As parents begin to dust off the sleds in the garage many kids may be disappointed to hear that their local park has closed their hills and banned sledding. Many parks have decided it’s too risky to allow sledding this winter and fear the possible liability claims that can come along with sledding related injuries.
Time reports about how the list of parks that ban or limit sledding grows each year as sledding injury lawsuits mount. Dubuque, Iowa is one of the cities that is going forward to ban sledding in 48 out of their 50 parks. Dubuque’s leisure services manager Marie Ware explains the decision to ban sledding saying, “We have all kinds of parks that have hills on them. We can’t manage the risk at all of those places.”

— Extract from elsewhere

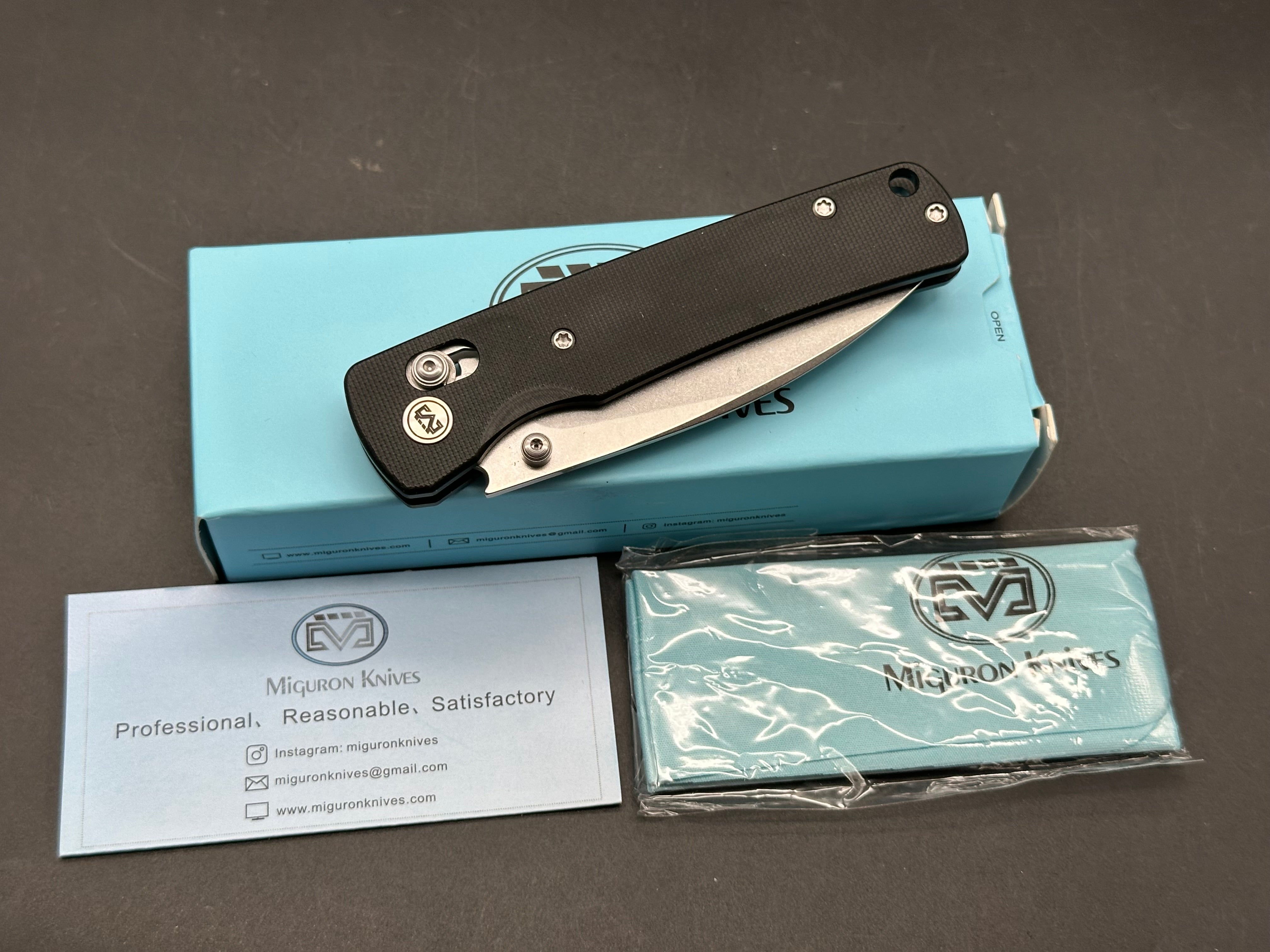 Miguron Vakor 3.15" 14C28N Stonewash Blade with Black G10 Scales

So how dangerous is the slippery sport? A Columbus, Ohio study recently found that more than 20,000 children were treated each year for sledding related injuries in emergency rooms between the years 1997 – 2007. A sledding lawsuit in Omaha, Nebraska awarded $2 million to the family of a 5-year-old girl who was paralyzed after a sledding injury. A Sioux City, Iowa man was paid close to $3 million after sliding into a sign and injuring his spinal cord while sledding.

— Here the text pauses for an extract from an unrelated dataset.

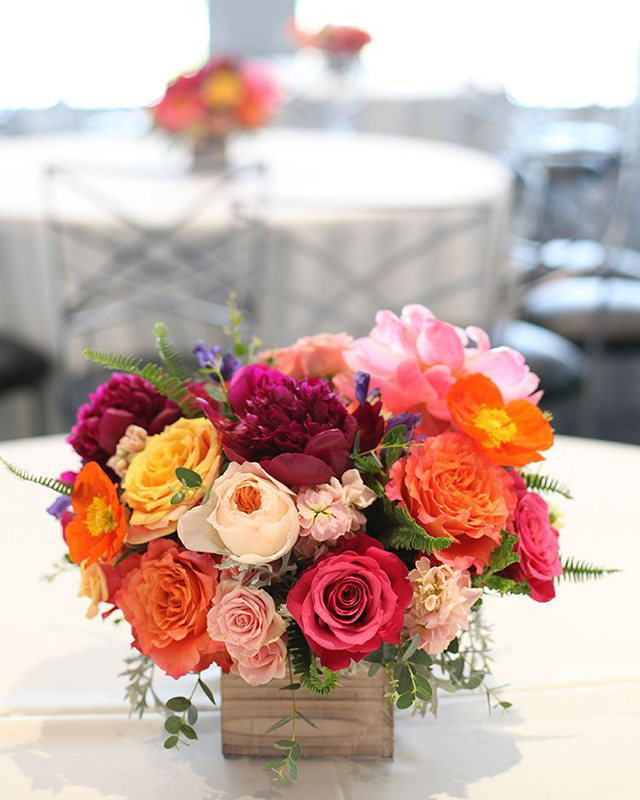 Floral Verde LLC - Cincinnati Florist - wood box filled with vibrant florals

Other cities who see the liability risks but don’t want to take such a drastic measure as banning sledding opt for putting up signs warning of injury instead. But even with signs, some city officials realize they are still putting themselves at greater risk of being sued by allowing sledding. Steve King, who runs a website that promotes sledding, understands the risk of the activity and points out that most sledders don’t take precautions like wearing helmets. He explains, “We live in a lawsuit-happy society and cities are just being protective by banning sledding in areas that pose a risk for injury or death.”
What do you think of cities that ban sledding in their parks?
Do you take any special precautions to reduce risk of injury when sledding?